Required action
From the records below, please repeat exactly the line that has "Tasse zur Sonnenfinsternis", the line that has "Tingkatkan Kualitas PKL", and every line between them, and nothing else.
______
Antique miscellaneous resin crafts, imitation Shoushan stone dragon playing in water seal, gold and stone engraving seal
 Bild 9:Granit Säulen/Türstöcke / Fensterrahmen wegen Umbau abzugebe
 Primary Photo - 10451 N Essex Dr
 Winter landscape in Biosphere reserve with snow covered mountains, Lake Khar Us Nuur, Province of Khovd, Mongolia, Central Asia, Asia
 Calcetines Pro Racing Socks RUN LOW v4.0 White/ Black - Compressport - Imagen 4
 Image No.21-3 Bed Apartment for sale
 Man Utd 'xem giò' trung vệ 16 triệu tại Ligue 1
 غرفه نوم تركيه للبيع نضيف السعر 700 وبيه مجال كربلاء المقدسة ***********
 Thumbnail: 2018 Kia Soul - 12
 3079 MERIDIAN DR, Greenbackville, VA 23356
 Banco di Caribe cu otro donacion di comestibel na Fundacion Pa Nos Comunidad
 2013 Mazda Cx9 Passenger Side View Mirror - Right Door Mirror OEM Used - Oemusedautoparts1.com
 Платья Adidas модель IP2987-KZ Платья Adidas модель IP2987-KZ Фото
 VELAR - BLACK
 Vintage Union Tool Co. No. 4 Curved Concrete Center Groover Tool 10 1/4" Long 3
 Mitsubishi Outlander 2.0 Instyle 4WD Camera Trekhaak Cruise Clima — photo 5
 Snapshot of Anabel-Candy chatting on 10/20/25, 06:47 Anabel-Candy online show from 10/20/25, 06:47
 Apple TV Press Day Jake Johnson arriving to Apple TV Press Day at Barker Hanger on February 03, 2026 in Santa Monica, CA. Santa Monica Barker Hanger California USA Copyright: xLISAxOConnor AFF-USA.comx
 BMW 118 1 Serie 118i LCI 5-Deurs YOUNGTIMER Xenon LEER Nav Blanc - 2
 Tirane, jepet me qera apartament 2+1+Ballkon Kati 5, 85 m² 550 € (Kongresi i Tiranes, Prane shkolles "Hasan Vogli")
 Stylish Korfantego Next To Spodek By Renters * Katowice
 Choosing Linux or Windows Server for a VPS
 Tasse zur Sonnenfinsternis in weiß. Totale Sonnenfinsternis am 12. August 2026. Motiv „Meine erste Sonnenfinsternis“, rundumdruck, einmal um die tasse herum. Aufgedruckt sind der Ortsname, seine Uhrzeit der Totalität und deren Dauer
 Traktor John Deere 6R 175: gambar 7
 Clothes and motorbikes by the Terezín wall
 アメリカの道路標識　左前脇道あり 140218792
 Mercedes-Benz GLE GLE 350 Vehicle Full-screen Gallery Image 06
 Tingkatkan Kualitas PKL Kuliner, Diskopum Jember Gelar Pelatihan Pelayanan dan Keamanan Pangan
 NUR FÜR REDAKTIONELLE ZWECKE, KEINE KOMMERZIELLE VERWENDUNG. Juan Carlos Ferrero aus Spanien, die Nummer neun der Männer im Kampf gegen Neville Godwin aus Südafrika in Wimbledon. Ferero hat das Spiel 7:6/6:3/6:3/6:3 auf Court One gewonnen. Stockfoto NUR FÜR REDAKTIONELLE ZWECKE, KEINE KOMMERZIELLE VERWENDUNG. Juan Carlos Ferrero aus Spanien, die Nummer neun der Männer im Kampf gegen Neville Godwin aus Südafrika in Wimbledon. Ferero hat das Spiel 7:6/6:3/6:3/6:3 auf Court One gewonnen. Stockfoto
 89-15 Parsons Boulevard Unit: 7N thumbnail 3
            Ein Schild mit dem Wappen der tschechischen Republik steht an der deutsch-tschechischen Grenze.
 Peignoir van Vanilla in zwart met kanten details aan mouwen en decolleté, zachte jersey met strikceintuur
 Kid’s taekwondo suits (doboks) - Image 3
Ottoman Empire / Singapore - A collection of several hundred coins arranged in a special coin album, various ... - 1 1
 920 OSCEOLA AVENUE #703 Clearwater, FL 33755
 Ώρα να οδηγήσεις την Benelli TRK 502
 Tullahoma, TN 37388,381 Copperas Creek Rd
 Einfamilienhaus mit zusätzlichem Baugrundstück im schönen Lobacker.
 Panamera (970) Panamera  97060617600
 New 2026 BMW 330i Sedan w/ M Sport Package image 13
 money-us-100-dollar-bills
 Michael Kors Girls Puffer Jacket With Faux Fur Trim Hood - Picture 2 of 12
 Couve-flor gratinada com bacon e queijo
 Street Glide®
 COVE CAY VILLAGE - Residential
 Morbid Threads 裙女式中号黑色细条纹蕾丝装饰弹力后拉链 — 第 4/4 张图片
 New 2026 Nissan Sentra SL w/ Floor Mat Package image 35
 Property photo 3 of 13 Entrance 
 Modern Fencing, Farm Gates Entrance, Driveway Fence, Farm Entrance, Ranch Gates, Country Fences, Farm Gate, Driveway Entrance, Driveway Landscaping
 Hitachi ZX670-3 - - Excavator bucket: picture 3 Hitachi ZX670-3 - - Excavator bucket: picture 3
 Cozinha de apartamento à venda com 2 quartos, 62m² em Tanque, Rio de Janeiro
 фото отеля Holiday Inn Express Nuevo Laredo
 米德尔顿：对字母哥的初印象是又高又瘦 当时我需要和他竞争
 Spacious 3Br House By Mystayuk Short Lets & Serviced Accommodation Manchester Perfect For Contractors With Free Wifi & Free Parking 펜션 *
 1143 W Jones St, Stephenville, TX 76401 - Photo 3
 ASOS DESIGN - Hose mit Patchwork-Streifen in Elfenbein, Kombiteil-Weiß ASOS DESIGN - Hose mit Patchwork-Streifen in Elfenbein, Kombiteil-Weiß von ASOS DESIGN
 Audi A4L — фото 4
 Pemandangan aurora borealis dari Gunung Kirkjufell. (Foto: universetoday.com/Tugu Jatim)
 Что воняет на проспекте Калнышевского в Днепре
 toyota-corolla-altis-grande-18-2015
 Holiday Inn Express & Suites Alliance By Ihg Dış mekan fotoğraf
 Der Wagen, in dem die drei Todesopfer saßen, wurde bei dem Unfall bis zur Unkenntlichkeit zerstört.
______
Result below
 Tasse zur Sonnenfinsternis in weiß. Totale Sonnenfinsternis am 12. August 2026. Motiv „Meine erste Sonnenfinsternis“, rundumdruck, einmal um die tasse herum. Aufgedruckt sind der Ortsname, seine Uhrzeit der Totalität und deren Dauer
 Traktor John Deere 6R 175: gambar 7
 Clothes and motorbikes by the Terezín wall
 アメリカの道路標識　左前脇道あり 140218792
 Mercedes-Benz GLE GLE 350 Vehicle Full-screen Gallery Image 06
 Tingkatkan Kualitas PKL Kuliner, Diskopum Jember Gelar Pelatihan Pelayanan dan Keamanan Pangan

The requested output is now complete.